This is a very interesting and stimulating discussion, with the diverse range of experiences and opinions being shared indicative of the wide ranging nature of addressing resilience building in areas of protracted crisis. As we all testify, this is not a simple feat. The growing understanding of the interrelatedness of systems, structures, processes, shocks and stresses is drawing together different schools of thought and practice in the public and private domains, in an attempt to address this challenge in a more joined up and systemic way.
I would like to echo the inputs already made by my colleagues in Afghanistan and Ethiopia, and build on them, predominantly drawing upon Concern's experiences in the Sahel and Horn of Africa.
1. What are the strategies that have been successful in building resilience? Can we build resilience in general or does it always have to be in relation to a (known) type of shock?
There is a consensus emerging on what needs to change in the delivery of aid including integrated multi-sector programming that brings together the different tracts of humanitarian, development and environment sectors, but this is a new progression requiring further research going forward.
Concern’s learning from projects in Niger includes; the importance of combining cash transfers and malnutrition interventions with interventions in other sectors that address the causes of malnutrition and food insecurity; and, the need to consider making cash transfer programmes conditional on certain health behaviours, or combining it with food aid or vouchers. To account for the diverse uses of cash transfers, it is also important to develop and monitor nutrition and food security indicators as a measure of the success of the programme.

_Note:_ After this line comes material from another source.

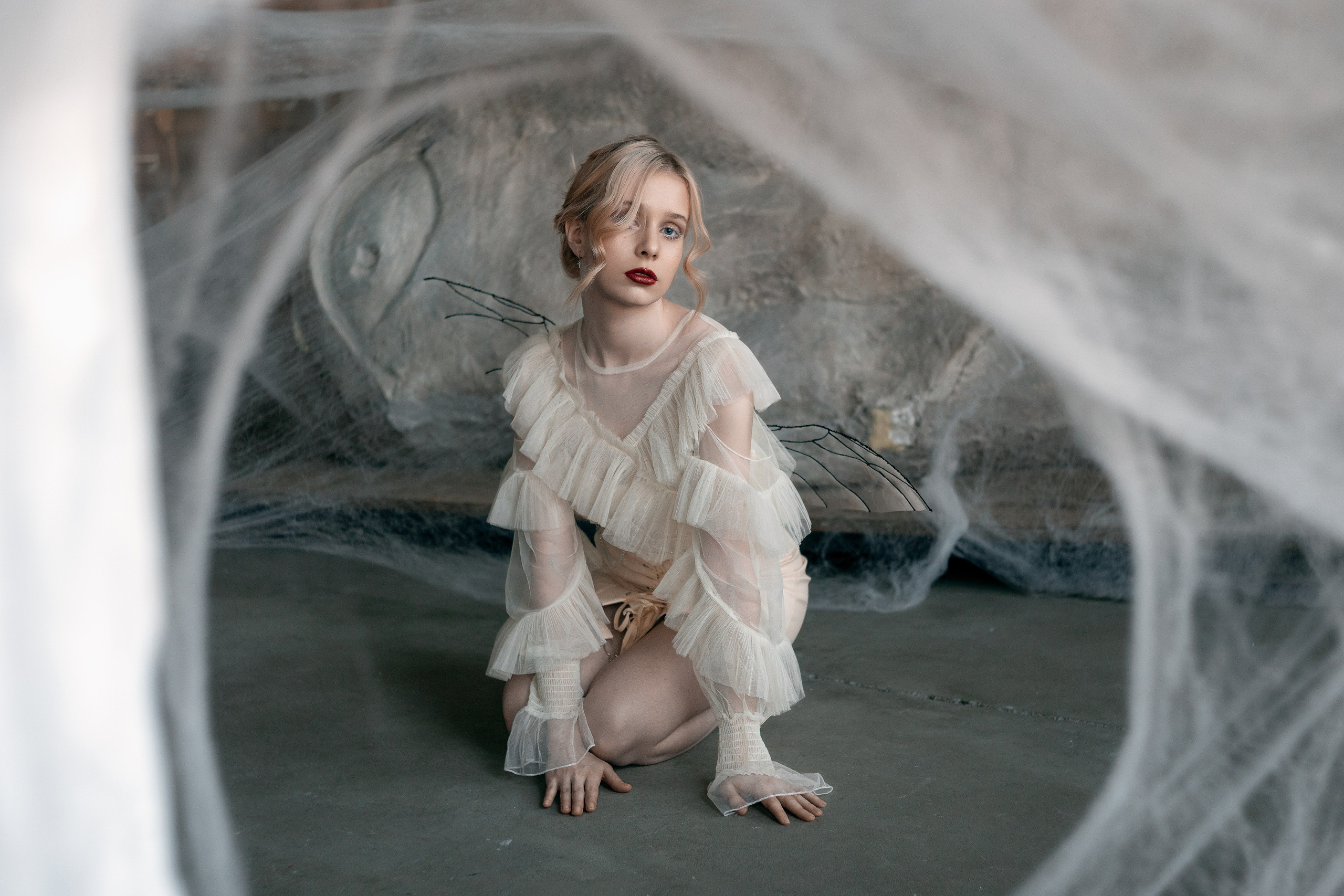 Julia. Фотограф Дмитрий Буделовский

In 2010, USAID’s Famine Early Warning System Network indicated that Moyale District in the Horn of Africa was at risk of becoming ‘highly food insecure’. This warning led Concern, in collaboration with the government and local partners, to begin an early scale up of High Impact Nutritional Interventions across Moyale District. This included recruiting and training health workers, supporting the Ministry of Health to open six new health facilities, the distribution of water purification tablets and a food voucher scheme for 3,000 poor households.

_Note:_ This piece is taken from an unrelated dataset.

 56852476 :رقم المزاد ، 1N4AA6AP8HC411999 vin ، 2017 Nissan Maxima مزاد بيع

The result was that between December 2010 and July 2011, the rate of severe malnutrition fell in Moyale (from 3% to 1.5%) whereas in the two neighbouring districts it increased dramatically. In Moyale, the general acute malnutrition rate increased only slightly whereas in the other two districts it increased substantially; the rate in Moyale was half that in the other districts. Several factors combined to enable Moyale to fare better than neighbouring districts:
In Concern’s opinion it is important to build resilience to specific types of shocks. The shocks to which people are highly vulnerable vary across contexts: for instance, in the Sahel and Horn of Africa regions it is drought, in the DRC it is conflict. However, people’s vulnerability to shock is not only determined by the types of shocks they face, but also by the rate of change and the interconnectedness of factors affecting change. It is the interaction of shocks and stresses that erode people’s options and ability to cope – and contribute to creating full-blown crises.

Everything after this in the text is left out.